Re: Fastest pawn quiet move generation I was able to come wi
Posted: Sat Jun 10, 2017 8:13 pm
by syzygy
hgm wrote:It is questionable whether an optimizer could do that from your code.
The optimizer will certainly not generate code that stores moves in the opposite order.
Re: Fastest pawn quiet move generation I was able to come wi
Posted: Sat Jun 10, 2017 8:15 pm
by mar
hgm wrote:Rather than incrementing ml all the time, you could have stored the moves in the opposite order, and hard-code the offset w.r.t. the inintial ml:
Code: Select all
switch((p = popcount(b))) {
case 8:
cas = lsb(b);
b &= b - 1;
casd = cas + increment;
ml[7].moviment = MakeMove(cas, casd);
case 7:
cas = lsb(b);
b &= b - 1;
casd = cas + increment;
ml[6].moviment = MakeMove(cas, casd);
...
case 0:
return ml += p;
It is questionable whether an optimizer could do that from your code.

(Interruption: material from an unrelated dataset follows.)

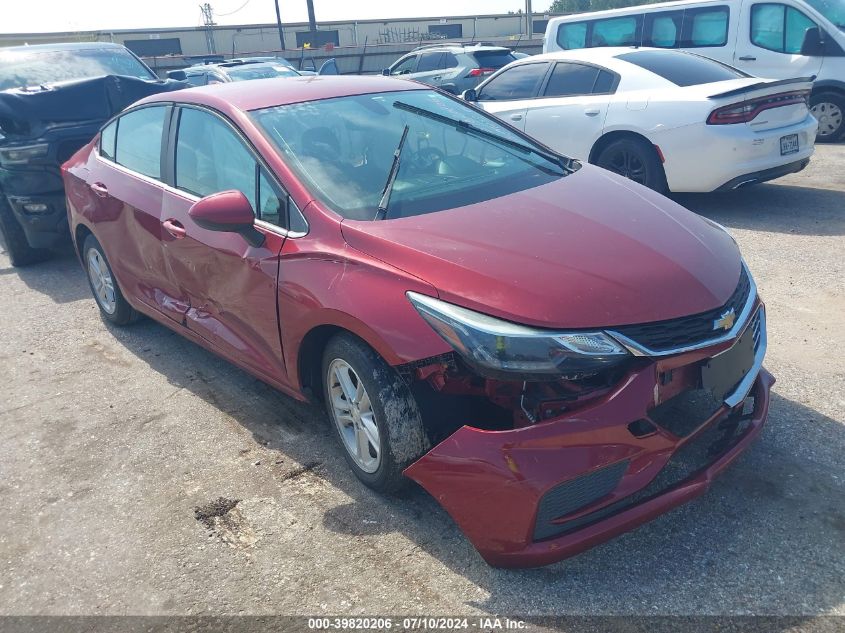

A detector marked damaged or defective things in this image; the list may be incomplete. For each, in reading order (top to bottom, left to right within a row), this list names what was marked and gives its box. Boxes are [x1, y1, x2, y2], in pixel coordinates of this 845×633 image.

crumpled hood [340, 165, 740, 328]
damaged front bumper [406, 304, 776, 564]
exposed bumper structure [406, 306, 776, 568]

Hmm, I liked your original suggestion:
Code: Select all
ml += (p = popcount(b));
switch(p) {
case 8:
....
ml[-8].m = ...;
...
case 0:
return ml;
}
Re: Fastest pawn quiet move generation I was able to come wi
Posted: Sat Jun 10, 2017 8:23 pm
by cdani
mkchan wrote:Could do for brevity:
Code: Select all
case 8:
case 7:
case 6:
...
case 2:
cas = lsb(b);
b &= b - 1;
casd = cas + increment;
ml->moviment = MakeMove(cas, casd);
ml++;
case 1:
...
This does not work, as the idea is that case 8 executes the code in case 8 + code in case 7 + code in case 6..., and is not doing this with your code.

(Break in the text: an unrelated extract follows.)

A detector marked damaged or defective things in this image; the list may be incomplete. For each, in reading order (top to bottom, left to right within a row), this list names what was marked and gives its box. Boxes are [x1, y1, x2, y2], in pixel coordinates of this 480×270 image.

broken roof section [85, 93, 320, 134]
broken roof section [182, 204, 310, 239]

Kotlov wrote:"switch - case" is slow construction
Yes, but with jump tables is quite fast.
Code: Select all
switch (popcount(b)) {
000000013FC0826B movzx ecx,al
000000013FC0826E cmp ecx,8
000000013FC08271 ja peons_moviments_quiets_o_sense_peoalpas+13Bh (013FC0839Bh)

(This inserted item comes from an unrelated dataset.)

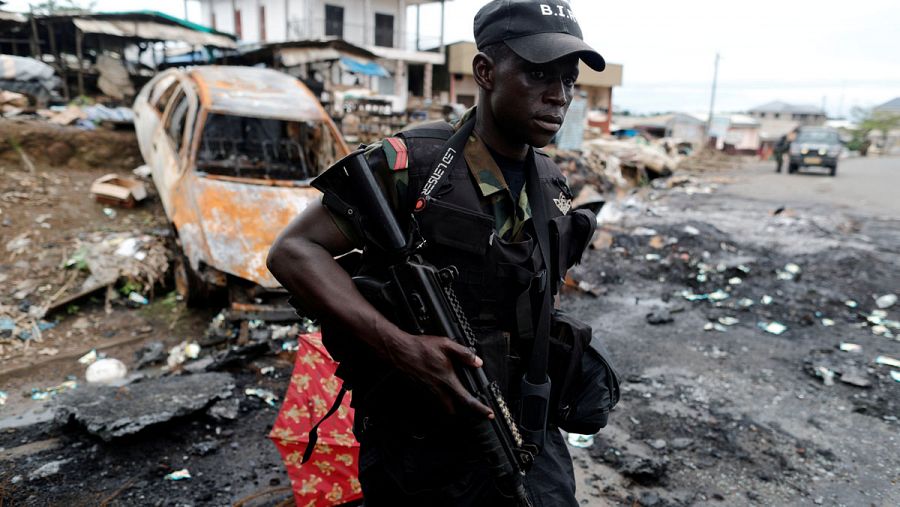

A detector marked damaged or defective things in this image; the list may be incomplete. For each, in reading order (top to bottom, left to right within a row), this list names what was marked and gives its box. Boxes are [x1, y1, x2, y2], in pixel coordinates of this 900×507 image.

destroyed vehicle [135, 67, 350, 306]
burned car [135, 67, 350, 306]
destroyed vehicle [792, 126, 840, 177]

000000013FC08277 mov eax,ecx
000000013FC08279 lea rcx,[__rg_language (013FBF0000h)]
000000013FC08280 mov r9d,dword ptr [rcx+rax*4+183C8h]
000000013FC08288 add r9,rcx
000000013FC0828B jmp r9
mar wrote:
But where do you check that the squares in front of the pawns are empty?
I assume you mask-shift vacated squares in advance, like
Code: Select all
pawns & shift_backward(~occupied)
Yes, b variable has only pawns that can advance.
elcabesa wrote:
you unrolled the loop, how much faster it's respect to the original loop?
And the most important question, how much elo you gained agaisnt a more readable loop?
mar wrote:
What was the performance gain versus a loop? (and overall speed gain?)
Of course minimal, something like 1100000 n/s to 1100500 n/s to give an idea. Is more for fun than for anything other, and also is interesting to share and to have other ideas. Any elo gain is due to accumulating a few of those things.
hgm wrote:Rather than incrementing ml all the time, you could have stored the moves in the opposite order, and hard-code the offset w.r.t. the inintial ml:
mar wrote:
Hmm, I liked your original suggestion:
Nice one! I will try, sure is even better! Thanks.
Re: Fastest pawn quiet move generation I was able to come wi
Posted: Sat Jun 10, 2017 8:51 pm
by syzygy
mar wrote:Hmm, I liked your original suggestion:
Code: Select all
ml += (p = popcount(b));
switch(p) {
case 8:
....
ml[-8].m = ...;
...
case 0:
return ml;
}
OK, that is something the optimizer probably could do, in theory.